The handwritten form, meanwhile, is a nice example of the "typical Old Babylonian" form of PAN that I described above: a horizontal (or in this case somewhat upward-slanting) wedge, two stacked diagonal wedges (of which the upper one is somewhat ambiguous in direction) and a final horizontal wedge again.
(Note that the line art seems to show the upper diagonal wedge as somewhat more ambiguous than it looks to me in the photo; the upward corner of the wedge seems to extend further in the photo than it the drawing, making it look more clearly like an upward diagonal to me than the line art suggests.)
Anyway, the main point of this tangential digression (besides getting the details out of the comments and into the answer) is that when consulting primary sources like the CDLI for sign forms it's important to look at multiple examples to get a good idea of how much variation there was and what the "typical" form of the sign (in a particular period and region) looked like — after all, sloppy handwriting and scribal errors have always been a thing.

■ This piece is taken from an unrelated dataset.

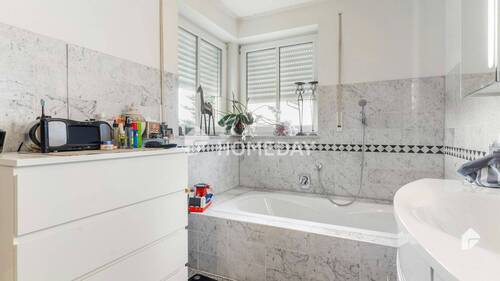 1. OG Badezimmer 1 -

Also, while line art is typically cleaner and easier to read than photographs of actual tablet, when researching sign shapes it's good to at least check the line art against the photo (or multiple photos or a 3D scan or, if possible, the actual object). Drawing line art of a cuneiform text always involves some degree of subjective interpretation and educated guesswork, especially when the source artifact is poorly preserved, and it's easy to subtly "tidy up" the signs to better match what you think they should look like, rather than what's actually there in the clay.